I hopped in the Jeep and drove over to Lowe’s where I picked up a Taiwan-made 13mm combination wrench and, for good measure, a ratcheted 13mm. I also picked up a cheap pair of needle-nose pliers to use in pulling the fuse. I knew I had a pair somewhere in the house, but I hadn't been able to find them and didn't want to tear the place apart looking for them.

While I was still in the parking lot, I fitted them both. The ratcheted wrench wouldn’t fit into the narrow space between hinge and door, but the boxed end of the combination wrench fit just fine. I took them both home. You never know when you’ll need a ratcheted 13mm box wrench.

Again, all did not go as planned. I began with the passenger door. The first bolt began to loosen, but then it just turned and turned and turned. Obviously, it had broken inside the hinge.

But the second bolt on the passenger side door came right off just the way it was supposed to.

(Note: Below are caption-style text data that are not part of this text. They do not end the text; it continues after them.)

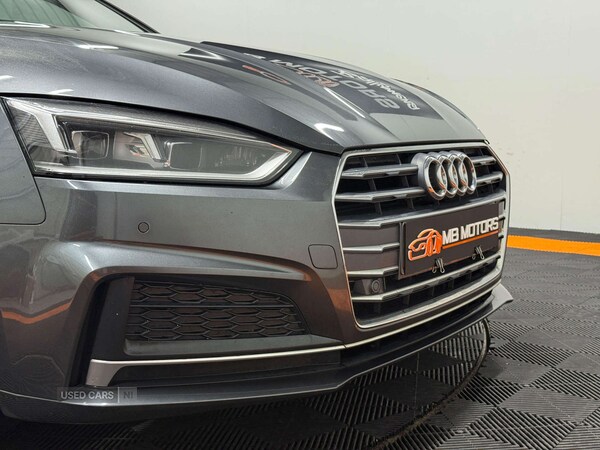 Used Audi A5 2018 for sale - 76586284: Photo 14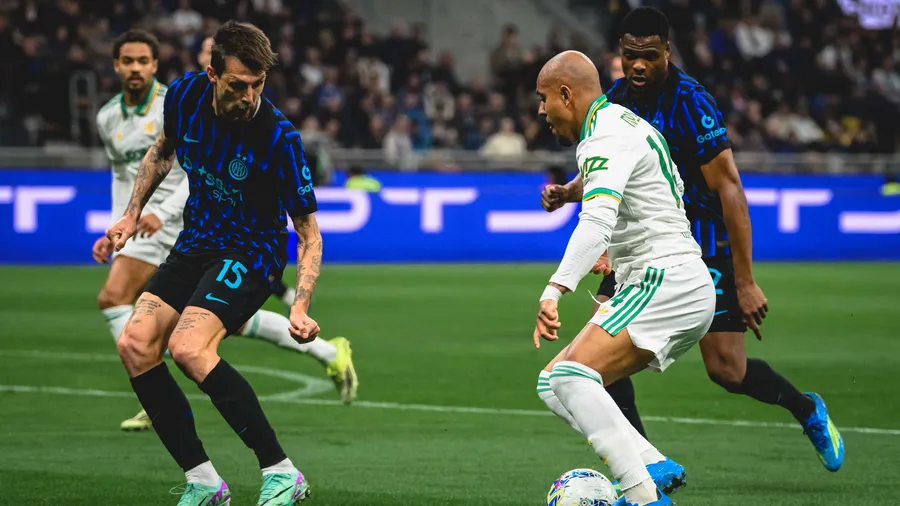 Inter vs Roma Highlights: What Changed the Game?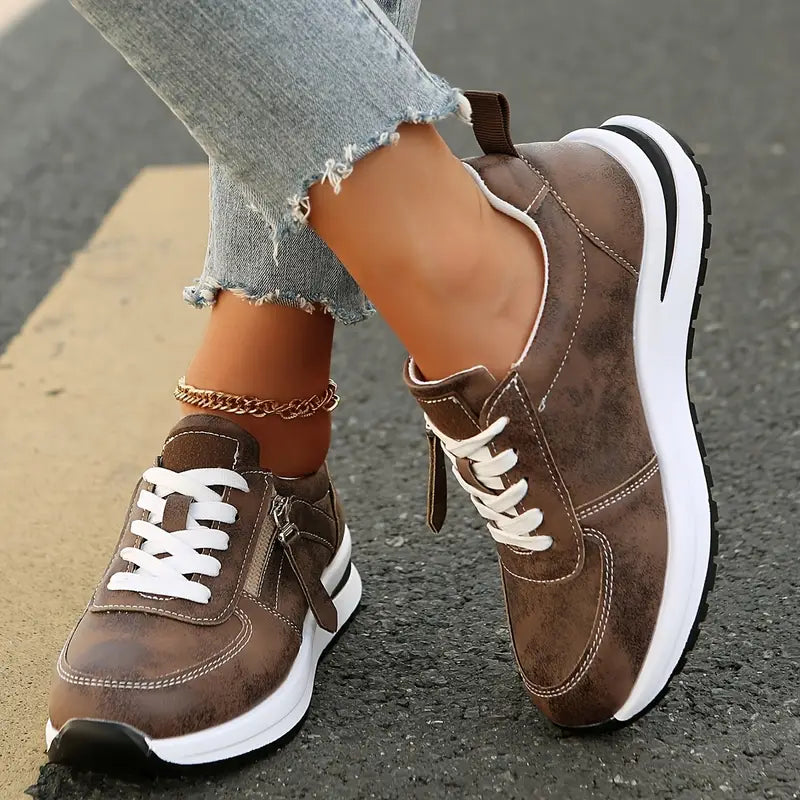 Scarpe sportive ortopediche – la soluzione ideale per piedi gonfi e stanchi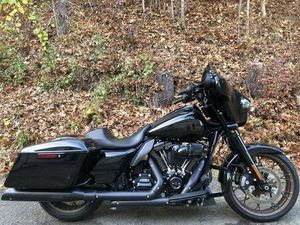 2022 HARLEY-DAVIDSON FLHXST - STREET GLIDE ST V TWIN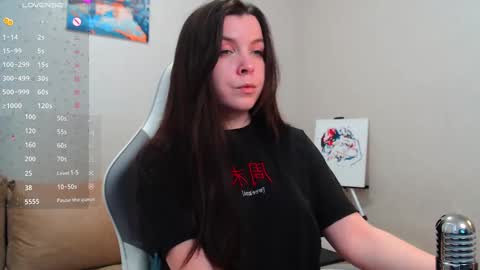 Snapshot of lunalovesuu chatting on February 2025 12:25:02 PM Luna online show from February 2025 12:25:02 PM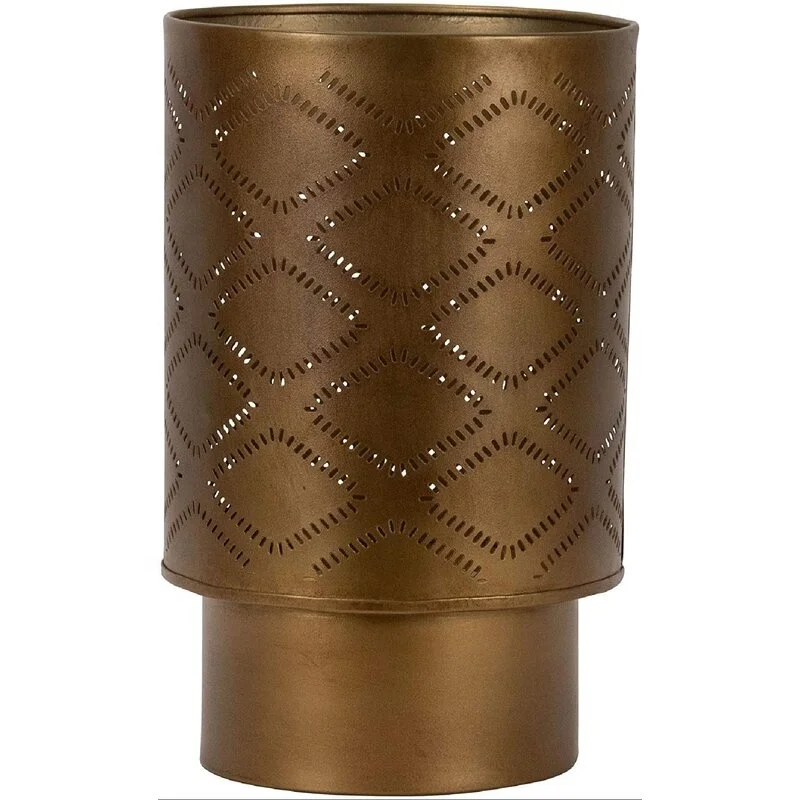 Massive Creation of iron T-light Holder Tabletop Decorative Item for Home and Room Decoration with customised colour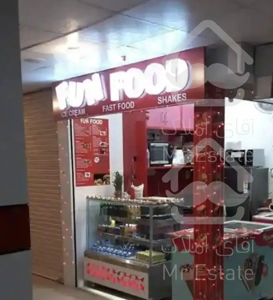 خرید مغازه تهران دزاشیب ۱۶ متر مغازه اغذیه فروشی روبروی خیابان بوعلی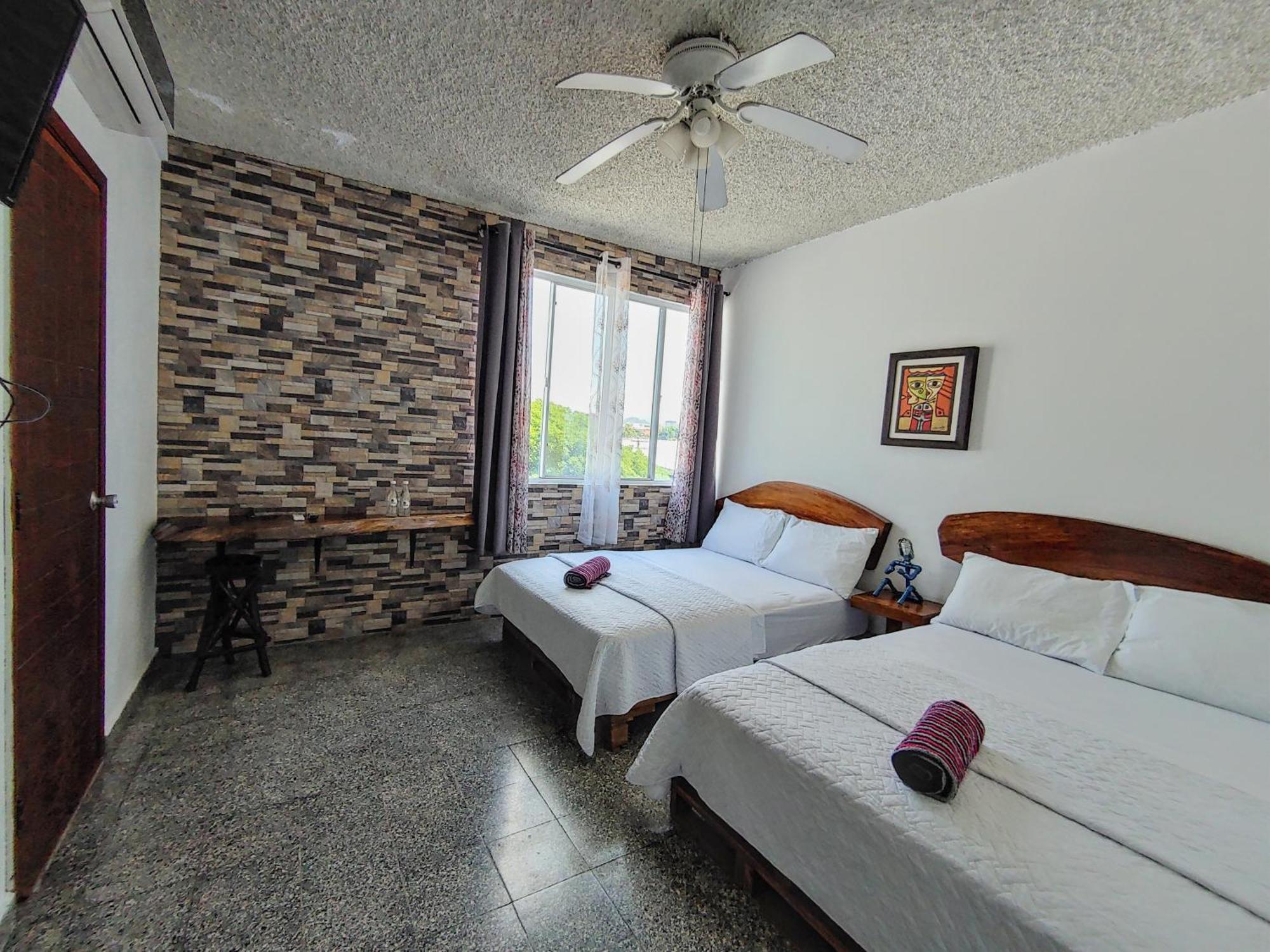 La Zona Hostel 산살바도르 객실 사진
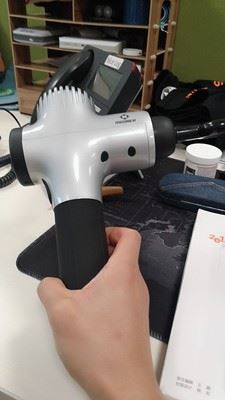 请指教下：准者筋膜枪肌肉按摩放松器真实使用揭秘？入手大分析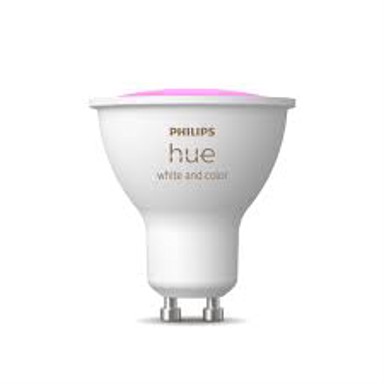PHILIPS HUE LED žarulja, GU10, 400lm, White Color Ambiance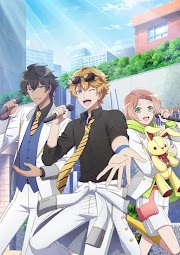 تقرير انمي I★Chu: Halfway Through the Idol (اي★شو: منتصف الطريق نحو الفنان)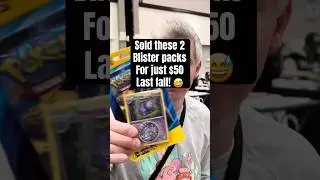 Card show vlog & vendor pov Pok&eacute;mon Evolutions #pokemon #pokemonchannel #pokemoncommunity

I was 1 for 2. Sigh. I moved around to the driver's side door and tried again. Both bolts on the driver’s side door snapped completely off almost as soon as pressure was applied.

Now I had one successfully unbolted hings and three that had become roadblocks. Not good.

For unskilled folks like me, these innocent looking bolts can be a real showstopper. The driver’s side door wouldn’t budge off the hinges, even though both bolt heads had snapped off. I rummaged in the tool box and came out with a nail punch and hammer. I figured the nail punch would be too soft, and it certainly was. Just a few strikes against one of the pins and the tip began to deform. And the pin didn’t budge.

With three hinge pins stuck, I figured the solution was to either tap them out with the correct tools, drill them out – or maybe even try welding a nut to them. I also figured it was time for professional help.

I stopped by my mechanic who directed me to a trusted local body shop. The fellow there pointed out that, according to a first look at a parts catalog, the pins weren’t available separately from Mopar. I may have to buy an entire hinge. Bummer. He offered to check further though, so I left my number and asked him to call.

Fortunately, a quick search produces an aftermarket source for pins only, with or without bushings if needed. (One source is here. There are others as well.) Here's a picture from a supplier's website.

My plan for now: see what the body shop offers. But worst case, just ask him to take the blasted pins out. I can buy a replacement myself if need be. But that gets me back on the road – without doors, which is the whole idea.